The CRISPR/Cas9 machinery is packaged inside a modified bacteriophage, a virus that already targets bacteria. The eligobiotics are also engineered to kill specific bacterial strains by targeting precise DNA sequences. Because the CRISPR component of the eligobiotic is so highly programmable, it can be modified to target only those sequences found in the target pathogenic bacteria causing the infection, leaving other strains unharmed. It can even be programmed to kill only bacteria that are resistant to antibiotics, by targeting DNA sequences found in antibiotic resistance genes, stopping the superbugs in their tracks.

Eligo’s biotherapeutics are currently in the preclinical stage, but the company recently raised $20M in a series A investment round and plans to use this cash to launch a Phase I clinical trial for their first therapy in early 2020.

Bacteriophage therapy

Bacteriophage Therapy - antimicrobial resistance

How to deal with infectious bacteria? Infect them right back. This is the approach being championed by Paris-based Pherecydes Pharma who are working to harness a natural predator of bacteria, bacteriophage viruses, to treat infections.

Bacteriophages (literally ‘bacteria eaters’) are highly efficient killers. They seek out their bacterial target and hijack the cell’s internal machinery, forcing it to replicate more bacteriophages, which then burst out from within the bacterium, destroying it. And best of all, they can’t infect eukaryotic cells, only bacteria, so they are completely harmless to humans.

Pherecydes envisages that their phage therapy would be personalised for each patient, administered as a ‘phage cocktail’ of selected bacteriophages highly specific for the patient’s strain of bacterial infection. This would have the added benefit of leaving the body’s beneficial bacteria unharmed, avoiding the problem of microbiome disruption caused by conventional antibiotic treatments.
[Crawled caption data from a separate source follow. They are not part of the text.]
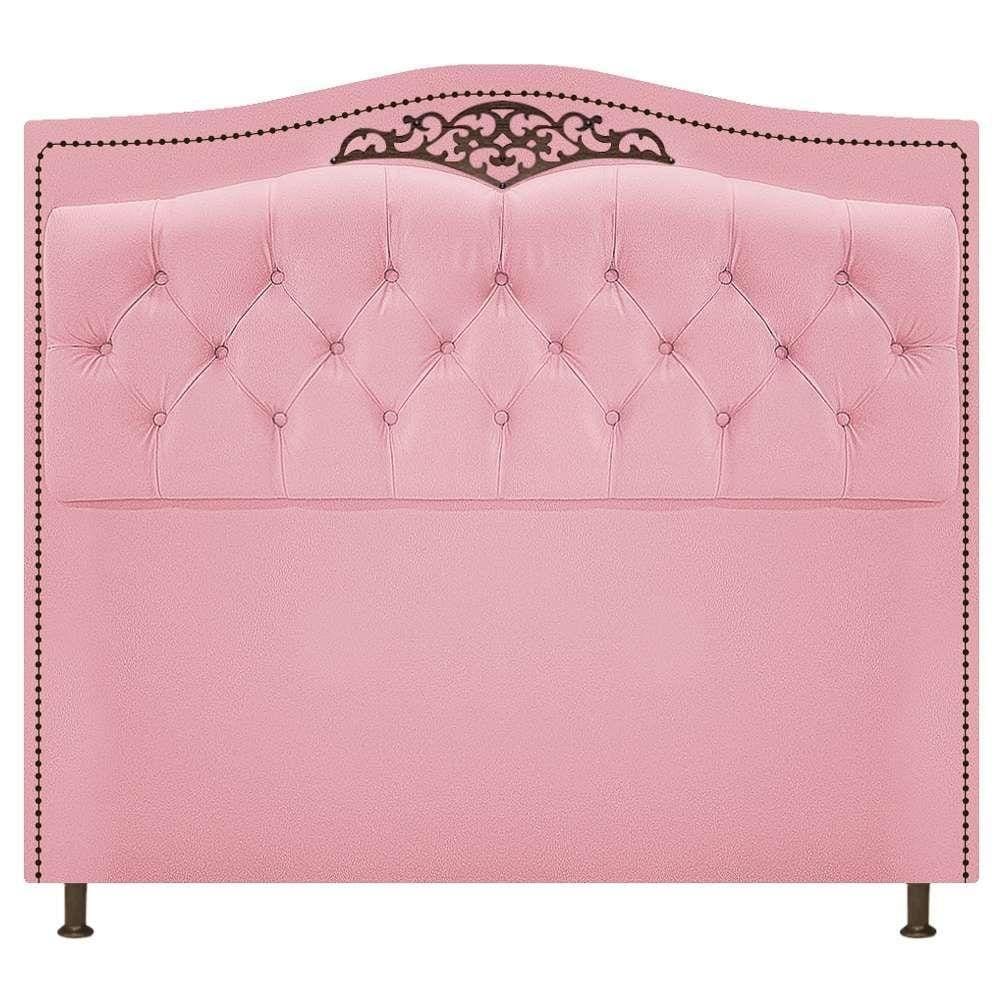 Cabeceira Estofada Yasmim 160 cm Queen Size Suede Rosa Bebê
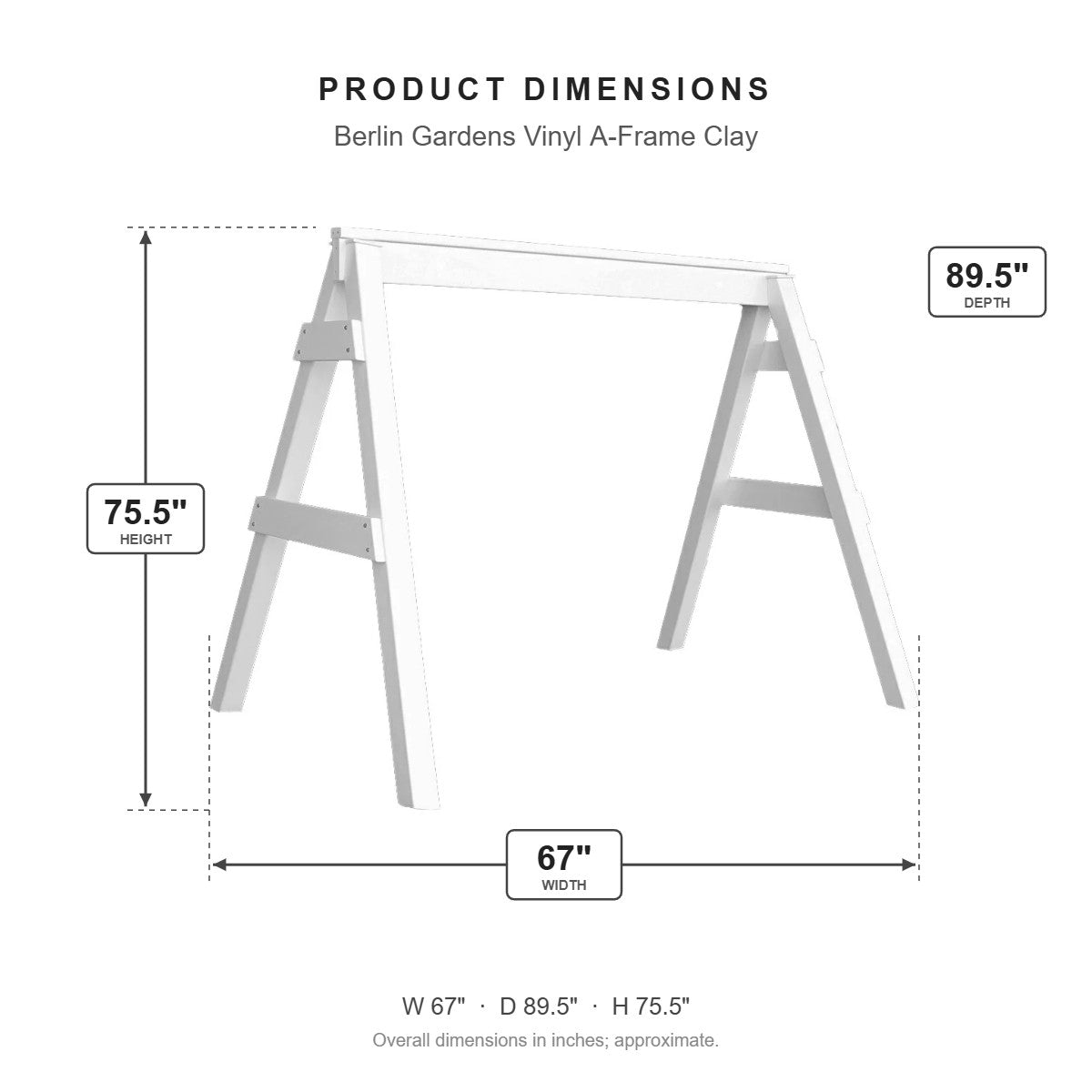 Berlin Gardens Vinyl A-Frame Clay dimensions: 67 in W x 89.5 in D x 75.5 in H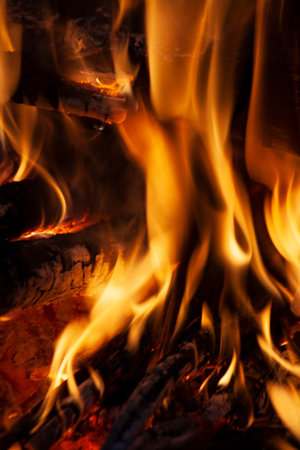 Fire, flames on a black background. Fire for advertising. Fire a fire.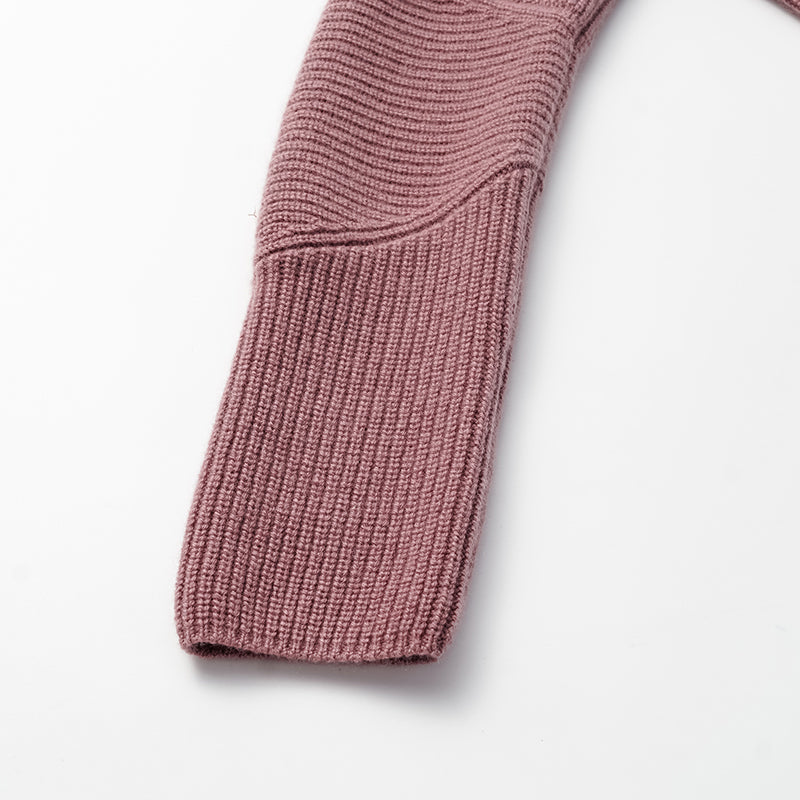 “Winter Diary” 100% Cashmere 高領拼接造型外套—Strawberry Macaron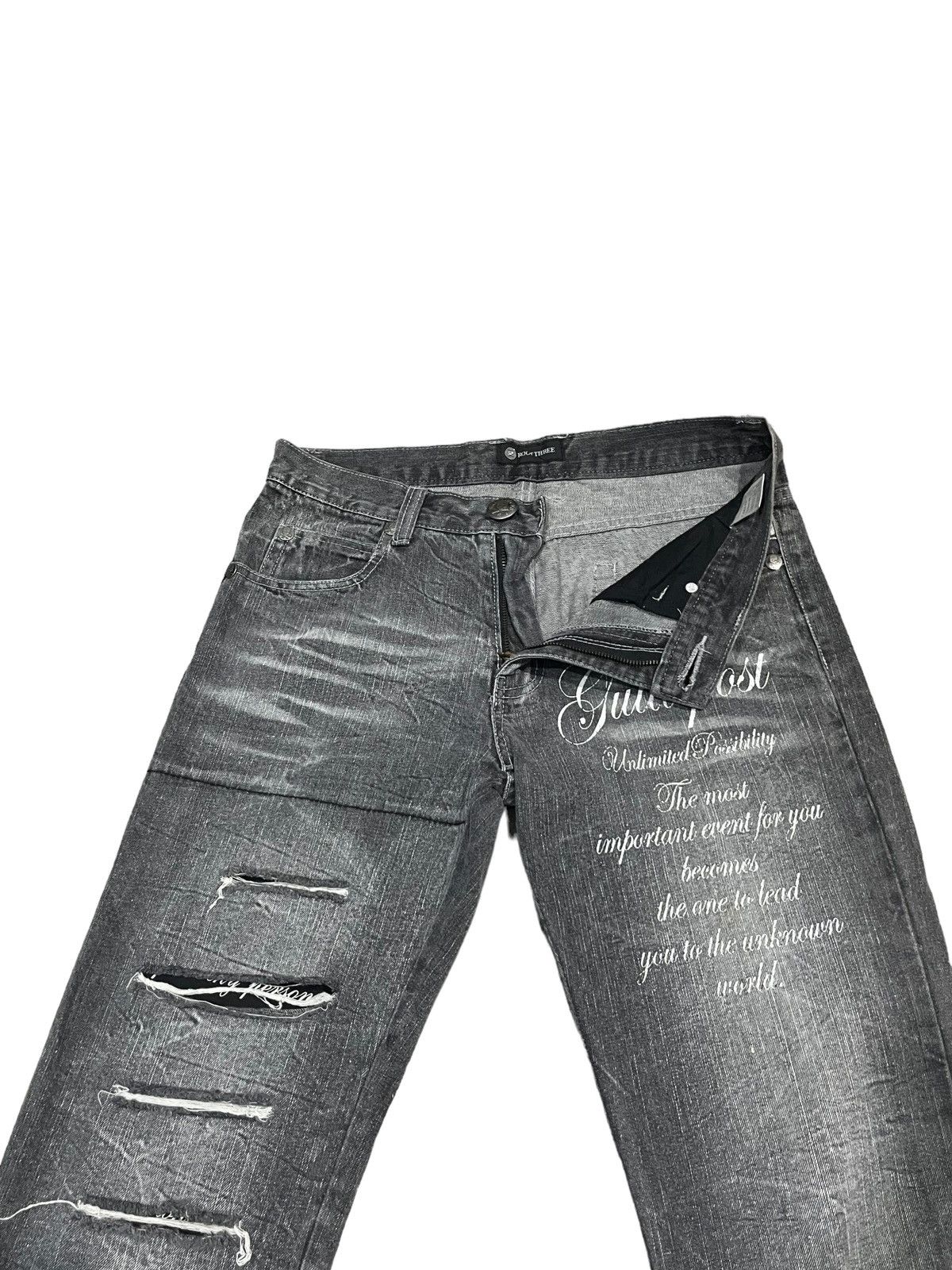 Japanese Brand Vintage Root Three Skull Distressed Jeans ! Rare Design Size US 32 / EU 48 - 9 Thumbnail
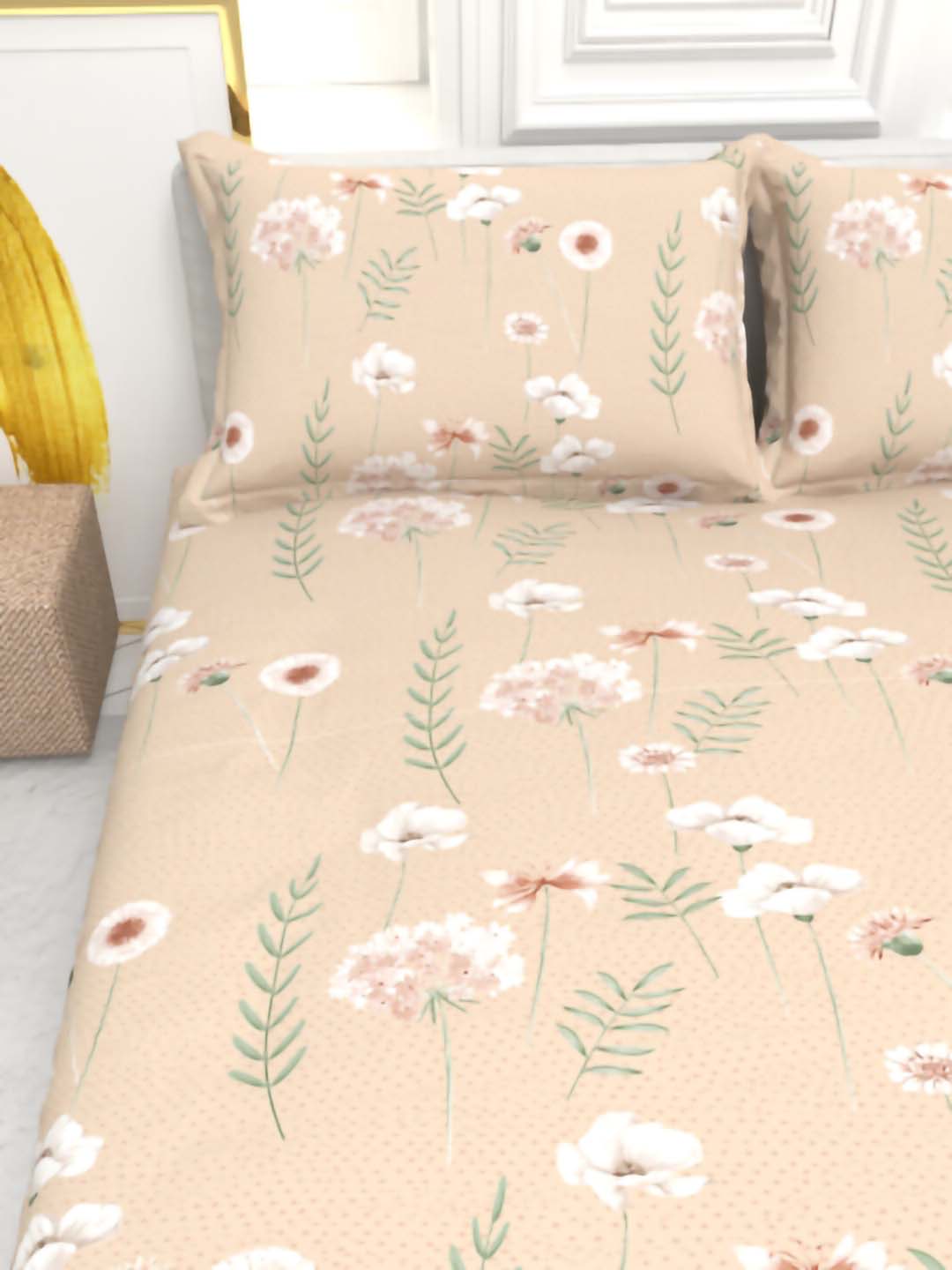 Cider King Size Micro-Cotton Sheet Set - Peach & White
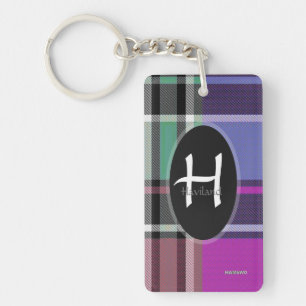 Paarse speldenmonogram Sleutelhanger - Acryl - HAM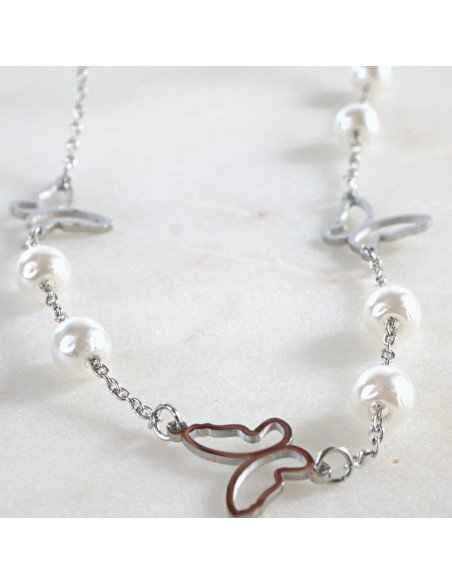 Naszyjnik Celebrytka stal chirurgiczna Lolita Accessories Srebrny Perła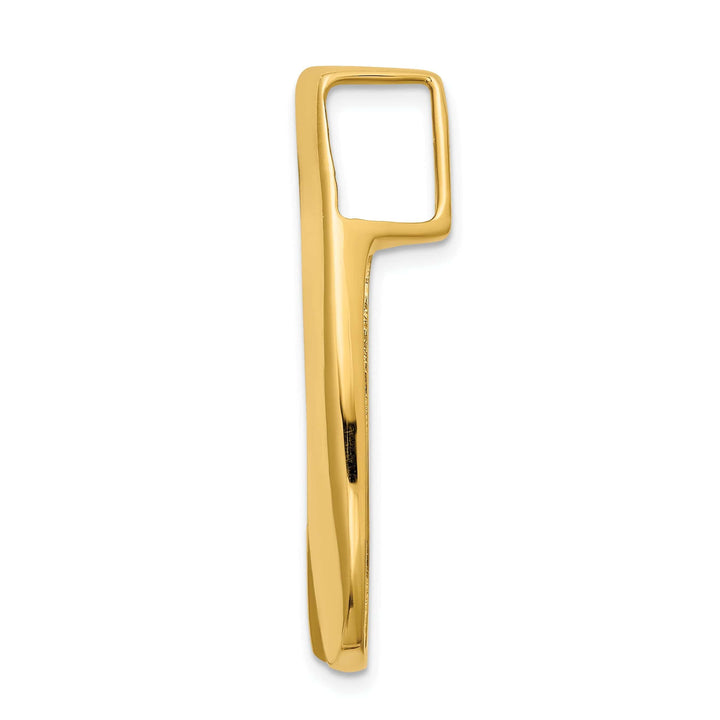 Lovely Rita's Pendants & Charms 14k Yellow Gold Fancy J Shape Design Omega Slide Pendant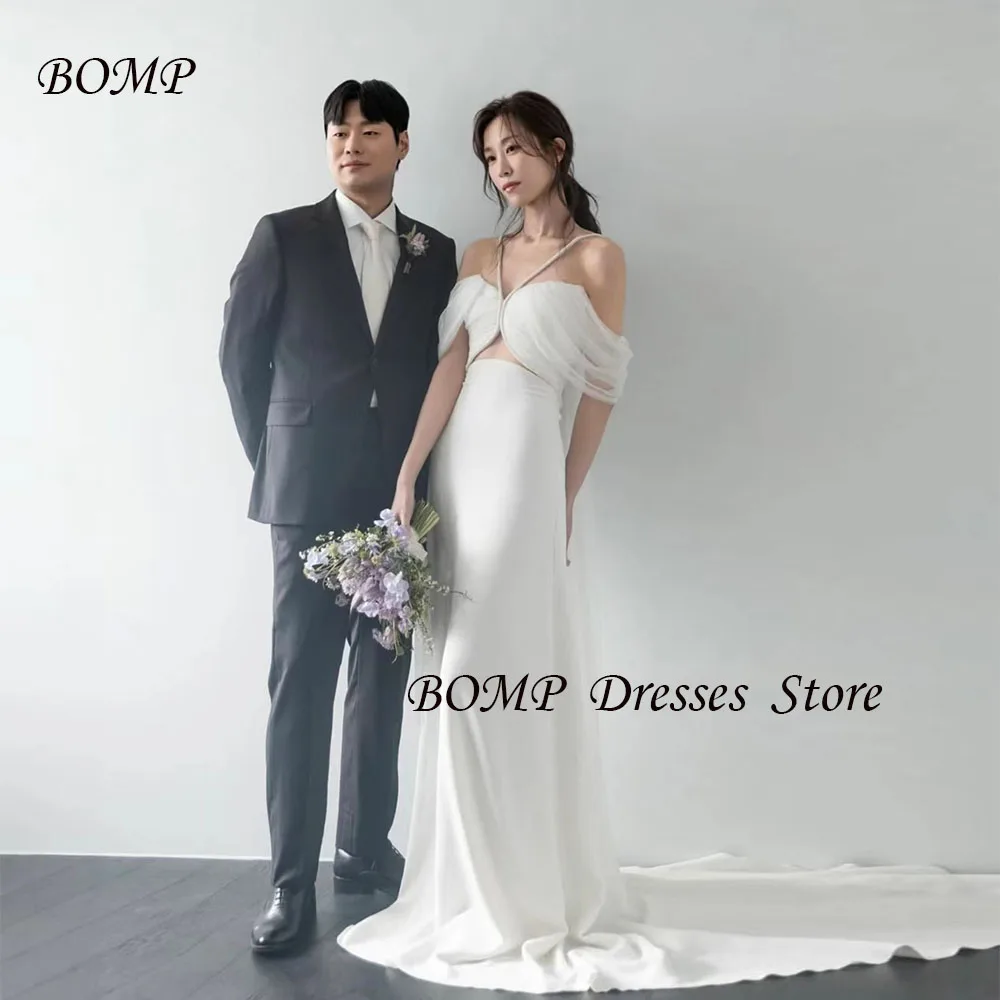 

BOMP Elegant Mermaid Wedding Party Dress Off Shoulder Sweep Train Ivory Satin Korea Photo Shoot Bridal Reception Gown Customized
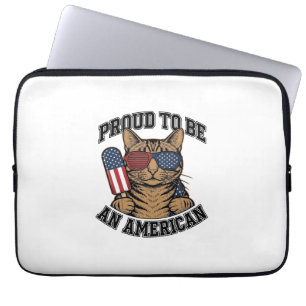 Patriotic Cat Proud to Be American Vintage Vector Laptop Sleeve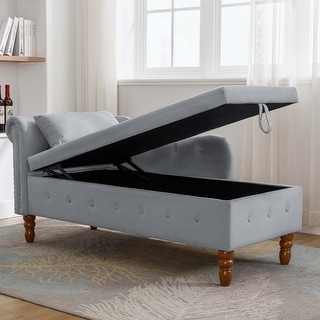 Indoor Chaise Lounge,with Storage & Pillow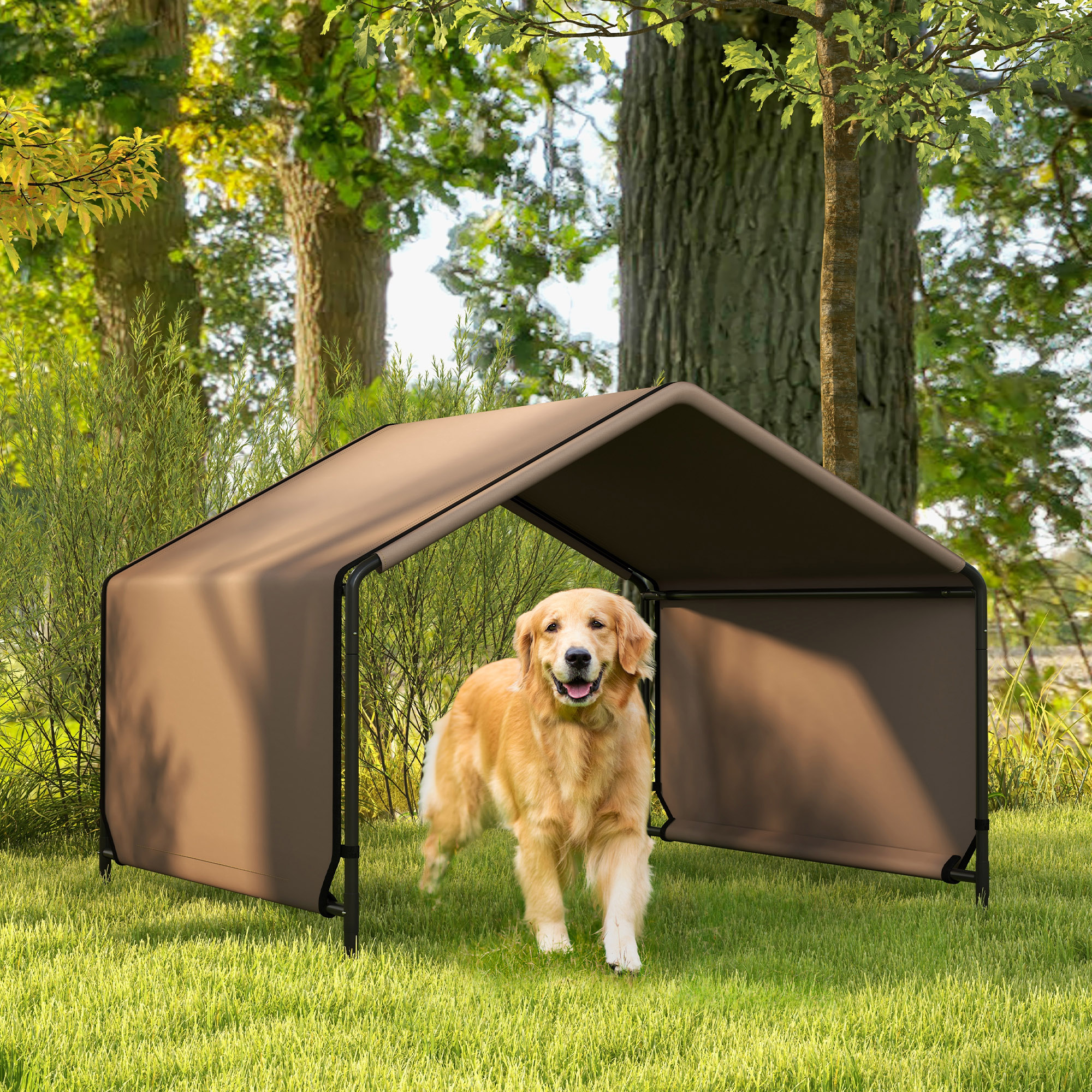 Tenda Portátil para Perros Resistente al Agua, Protección Exterior para Sombras, Marrón — imagen 1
Bacteriophages are also highly adaptable and so are capable of rapidly countering bacterial resistance when and if it emerges, continuing a natural co-evolutionary arms race between phages and bacteria that stretches back billions of years.

According to their website, Pherecydes Pharma believes that their phage therapy can offer “a realistic alternative to the therapeutic impasse faced by antibiotics.” They plan to launch clinical trials for two of their phage therapies in 2018/19: PHOSA for the treatment of severe Staphylococcus aureus infections and PNEUMOPHAGE for the treatment of Pseudomonas aeruginosa respiratory tract infections.